Dopo le verifiche di settimana scorsa, che vedevano giovedì 2 presenze inequivocabili in Villa Rostan, la due diligence (che risulterebbe chiusa al 10 agosto) e la conferma di ieri sera di Pinuccio Brenzini, il più appare fatto. A Preziosi il compito di terminare il mercato e la probabile chiusura definitiva tra settembre ed i primi di ottobre. Ai genoani che lo abbiano tanto desiderato, quello di non farsi accecare dalla voglia di cambiamento, senza riflettere su conseguenze e futuro. Sarebbe facile, dopo, dare nuovamente la colpa a chi ci abbia tenuto 16 anni A per un abbandono che non dovesse riflettere le aspettative. Ma altrettanto scorretto, dopo che l’unica cosa che si legge da tempo, troppo, è un secco “vattene” a prescindere da come, senza nemmeno far cenno ad un “vendi”, più consono e di prospettiva, attaccare nuovamente il Presidente quale Malaussène (nuovamente) di turno.

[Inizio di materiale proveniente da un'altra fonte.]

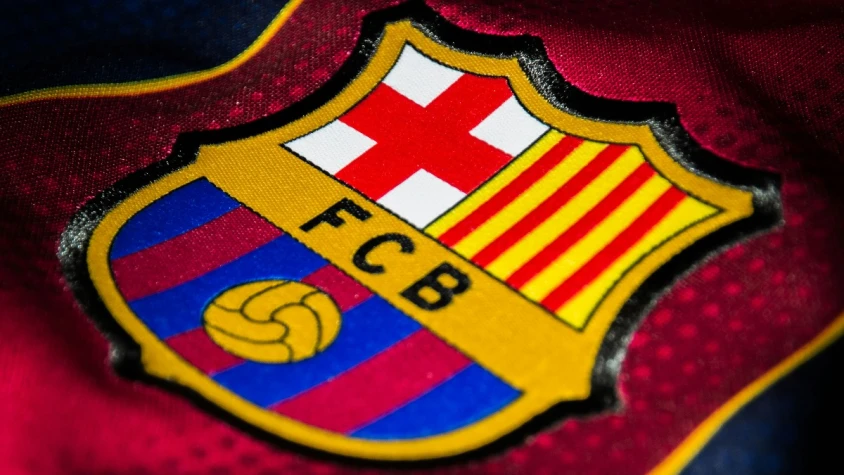 FC Barcelona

A livello societario si possono fare solo ipotesi. Niente presidente, ci sarebbe/sarà un Amministratore Delegato, che potrebbe – almeno inizialmente- essere lo stesso Zarbano per conoscenza ed abilità di mestiere, affiancato o meno, a tempo determinato o illimitato. La base dovrebbe rimanere, penso in primis ai dipendenti, per gli skills utili soprattutto nel primo periodo in cui prendere in mano le redini con persone non avvezze al settore. Diversa la situazione dei cosiddetti esterni. In un primo tempo, comunque, i cambiamenti sarebbero ben pochi, si pensa, per facilità di gestione ed assestamento. Ma di certo, visto il folto numero di “addetti ai lavori”, qualcuno potrebbe non dormire sonni tranquilli…

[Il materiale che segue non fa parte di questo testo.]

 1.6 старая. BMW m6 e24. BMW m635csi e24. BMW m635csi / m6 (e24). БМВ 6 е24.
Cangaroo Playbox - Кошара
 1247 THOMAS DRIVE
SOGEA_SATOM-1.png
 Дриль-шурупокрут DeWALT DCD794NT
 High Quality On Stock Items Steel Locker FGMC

Non ci resta che aspettare. Vedremo cosa accadrà, se tutto andrà come molti si augurano e ci sarà l’ultimo passaggio di chiusura.
Chiudo con una specifica, che mi dispiace dover fare perché scontata, ma necessaria visti i molti commenti all’articolo precedente. Personalmente spero vada tutto benissimo. Più che altro spero sia così per molti anni, oserei dire per sempre. Ma un po’ di timore ce l’ho. E devo dire sarò felice, entusiasta, estasiata se il Grifone avrà modo di volare in alto (ribadisco, per tanto tempo, per sempre!) e lo sono pure per Preziosi che potrà ritrovare serenità, venire in Liguria senza scorte, non preoccuparsi per le ripercussioni sulla propria famiglia e godersi la partita. Perché sì, ne sono certa, continuerà a seguirci e tifare per il Genoa, che ha dentro e che, nonostante quanto molti dicano, gli ha conquistato l’anima e, di contro, prosciugato molte energie.